AG Mainz verurteilt mit Urteil vom 21.4.2011 – 70 C 334/10 – ebenfalls bei geringem Schaden zur Erstattung der Sachverständigenkosten.

Hallo Leute, weil es mit dem geringfügigen Schaden gerade so schön war, hier noch ein kurzes, knappes und schlüssiges Urteil aus Mainz. Wenn die Beklagte selbst vorträgt, dass ihrer Ansicht nach der Schaden knapp unter 1000 Euro liege, so ist dieser Vortrag unerheblich, da er das Vorbringen aus der Klage nicht zu Fall bringen kann. Schon von daher musste das Klagebegehren Erfolg haben. Die Rechtsprechung, nach der der BGH die sog. Bagatellschadensgrenze bei ca. 700 € gesetzt hat, wobei es sich sicherlich nicht um eine starre Grenze handelt, müßte der beklagten Haftpflichtversicherung doch bekannt sein. Deshalb ist die Begründung, auch Schäden über 700 € seien sog. Bagatellschäden durch nichts begründet ist. Lediglich eine von Trost (VersR 1997, 537) damals vertretene Mindermeinung wollte die Bagatellschadengrenze erheblich erhöhen, um Privatgutachten unmöglich zu machen.  Peinlich für die Schädigerversicherung ist es natürlich, sich auf einen Schadensbetrag zu berufen, der selbst auch oberhalb der ungefähren Grenze von ca. 700 € liegt. Lest aber selbst und gebt Eure Kommentare bitte ab.

Aktenzeichen:
70 C 334/10

Verkündet am 21.04.2011

Amtsgericht
Mainz

IM NAMEN DES VOLKES

Urteil

wegen Schadensersatz aus Verkehrsunfall

hat das Amtsgericht Mainz durch die Richterin am Amgericht … am 21.04.2011 ohne mündliche Verhandlung gemäß § 495a ZPO für Recht erkannt:

1. Die Beklagte wird verurteilt, an die Klägerin 198,00 € nebst Zinsen hieraus in Höhe von 5 Prozentpunkten über dem Basiszinssatz seit 04.10.2007 zu bezahlen.
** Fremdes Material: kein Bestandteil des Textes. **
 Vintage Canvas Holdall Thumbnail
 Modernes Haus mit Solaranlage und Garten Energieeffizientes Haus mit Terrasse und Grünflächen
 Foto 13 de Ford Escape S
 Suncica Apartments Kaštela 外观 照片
2. Die Beklagte hat die Kosten des Rechtsstreits zu tragen.

3. Das Urteil ist vorläufig vollstreckbar.

(abgekürzt nach § 313a Abs. 1 ZPO)

Entscheidungsgründe

Die Beklagte ist als Haftpflichtversicherer des Unfallschädigers aus dem Verkehrsunfall vom 19.05.2009, den unstreitig der Versicherungsnehmer der Beklagten an dem Fahrzeug der Klägerin verursacht hatte, verpflichtet, der Klägerin gemäß § 249 BGB auch die Kosten für die Einholung eines Sachverständigengutachtens zur Feststellung der durch den Unfall verursachten Schadenshöhe zu zahlen.
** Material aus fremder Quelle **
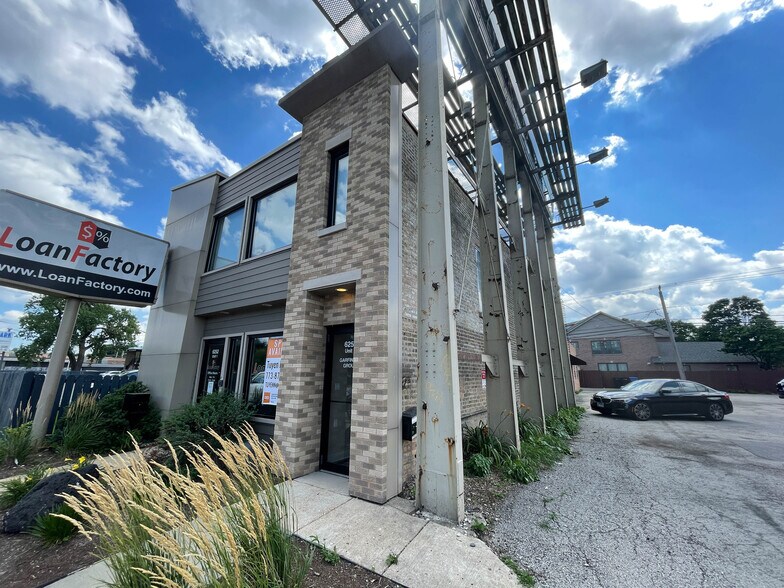 More Photos Of 6252 N Lincoln Ave, Chicago Office For Lease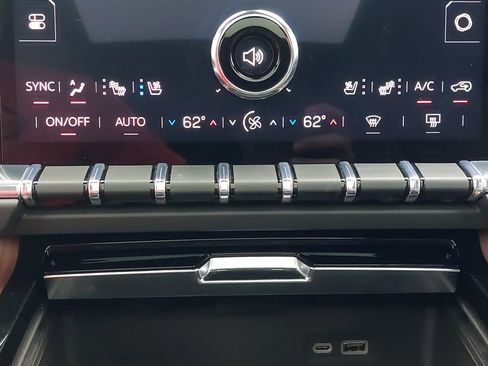 Used 2025 GMC Yukon Denali w/ Sun & Power Step Package AWD/4WD image 25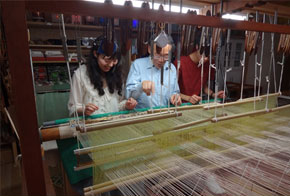 お話も弾んだ綴織体験でした！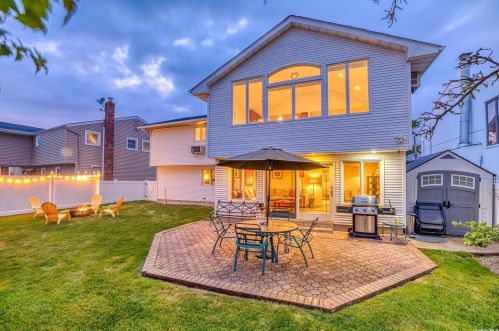2534 Malibu Rd, North Bellmore, NY 11710-5122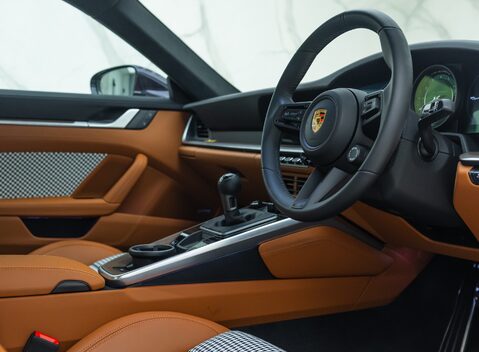 Porsche 911 SPORT CLASSIC (992) 13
Insbesondere kann dem unstreitigen Vortrag der Parteien nicht entnommen werden, dass die Klägerin eine Schadensminderungspflicht verletzt hätte, in dem sie anstatt eines Kostenvoranschlages ein Sachverständigengutachten in Auftrag gegeben hatte.

Eine Verletzung der Schadensminderungspflicht kann dem Geschädigten nur dann angelastet werden, wenn es sich ersichtlich und auch für einen Laien ohne weiteres erkennbar nur um einen geringfügigen Schaden handelt, der Bagatellcharakter hat. Das ist bei dem Umfang der hier unstreitig gegebenen Bruttoreparaturkostenrechnung in Höhe von 1.110,72 € nicht der Fall und wäre es auch nicht, wenn man lediglich den von der Beklagten kalkulierten Reparaturschaden in Höhe von 933,38 € zu Grunde legen würde, denn dieser Betrag liegt ebenfalls noch weiter über 700,- € und kann damit nicht als Bagatellschaden bezeichnet werden.

Die Nebenentscheidungen folgen aus §§ 286, 288 BGB, §§ 91, 713 ZPO.

Jetzt bitte Eure Meinungen.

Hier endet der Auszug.